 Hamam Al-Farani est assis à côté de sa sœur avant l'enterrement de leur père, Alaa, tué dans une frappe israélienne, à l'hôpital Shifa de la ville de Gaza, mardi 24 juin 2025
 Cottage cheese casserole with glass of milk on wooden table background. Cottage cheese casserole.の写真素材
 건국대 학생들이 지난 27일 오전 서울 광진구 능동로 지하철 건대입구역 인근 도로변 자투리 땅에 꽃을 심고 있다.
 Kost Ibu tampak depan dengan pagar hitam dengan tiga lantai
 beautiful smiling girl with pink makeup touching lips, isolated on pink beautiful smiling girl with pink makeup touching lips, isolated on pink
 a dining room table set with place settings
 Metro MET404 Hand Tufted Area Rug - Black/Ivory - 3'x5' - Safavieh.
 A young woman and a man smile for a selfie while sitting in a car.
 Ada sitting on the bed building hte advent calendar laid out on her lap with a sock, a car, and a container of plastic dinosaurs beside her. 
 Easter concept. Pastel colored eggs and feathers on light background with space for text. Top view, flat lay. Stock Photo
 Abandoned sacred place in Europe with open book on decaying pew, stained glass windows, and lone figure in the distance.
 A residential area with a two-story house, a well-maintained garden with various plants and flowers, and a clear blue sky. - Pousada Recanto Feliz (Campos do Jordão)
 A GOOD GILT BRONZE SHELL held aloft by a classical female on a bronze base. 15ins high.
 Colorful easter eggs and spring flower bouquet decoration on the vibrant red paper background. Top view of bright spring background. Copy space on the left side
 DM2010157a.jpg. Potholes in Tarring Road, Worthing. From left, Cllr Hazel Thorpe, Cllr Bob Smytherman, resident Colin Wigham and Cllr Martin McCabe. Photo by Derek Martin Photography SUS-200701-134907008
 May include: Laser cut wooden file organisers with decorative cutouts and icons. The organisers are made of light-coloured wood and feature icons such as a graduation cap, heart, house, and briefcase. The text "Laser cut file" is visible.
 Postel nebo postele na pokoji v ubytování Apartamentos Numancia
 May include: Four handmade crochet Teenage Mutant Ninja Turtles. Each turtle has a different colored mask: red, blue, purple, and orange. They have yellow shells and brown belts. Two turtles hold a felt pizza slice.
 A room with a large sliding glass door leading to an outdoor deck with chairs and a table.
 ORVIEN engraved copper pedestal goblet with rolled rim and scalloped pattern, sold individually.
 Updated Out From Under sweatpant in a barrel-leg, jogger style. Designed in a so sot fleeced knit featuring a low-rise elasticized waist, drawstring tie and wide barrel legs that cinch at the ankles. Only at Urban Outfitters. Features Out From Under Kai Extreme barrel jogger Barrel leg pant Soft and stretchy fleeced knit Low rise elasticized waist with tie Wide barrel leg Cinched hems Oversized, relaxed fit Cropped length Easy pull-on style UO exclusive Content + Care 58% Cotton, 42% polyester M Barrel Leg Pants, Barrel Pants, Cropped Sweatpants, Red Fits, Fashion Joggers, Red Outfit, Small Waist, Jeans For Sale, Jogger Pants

» **WHAT TO WORK ON**:
The reply should hold only the lines of the listing above starting at the line containing "Easter concept. Pastel" and ending at the line containing "ORVIEN engraved copper", exactly as written.

» **REPLY TO THE TASK**:
 Easter concept. Pastel colored eggs and feathers on light background with space for text. Top view, flat lay. Stock Photo
 Abandoned sacred place in Europe with open book on decaying pew, stained glass windows, and lone figure in the distance.
 A residential area with a two-story house, a well-maintained garden with various plants and flowers, and a clear blue sky. - Pousada Recanto Feliz (Campos do Jordão)
 A GOOD GILT BRONZE SHELL held aloft by a classical female on a bronze base. 15ins high.
 Colorful easter eggs and spring flower bouquet decoration on the vibrant red paper background. Top view of bright spring background. Copy space on the left side
 DM2010157a.jpg. Potholes in Tarring Road, Worthing. From left, Cllr Hazel Thorpe, Cllr Bob Smytherman, resident Colin Wigham and Cllr Martin McCabe. Photo by Derek Martin Photography SUS-200701-134907008
 May include: Laser cut wooden file organisers with decorative cutouts and icons. The organisers are made of light-coloured wood and feature icons such as a graduation cap, heart, house, and briefcase. The text "Laser cut file" is visible.
 Postel nebo postele na pokoji v ubytování Apartamentos Numancia
 May include: Four handmade crochet Teenage Mutant Ninja Turtles. Each turtle has a different colored mask: red, blue, purple, and orange. They have yellow shells and brown belts. Two turtles hold a felt pizza slice.
 A room with a large sliding glass door leading to an outdoor deck with chairs and a table.
 ORVIEN engraved copper pedestal goblet with rolled rim and scalloped pattern, sold individually.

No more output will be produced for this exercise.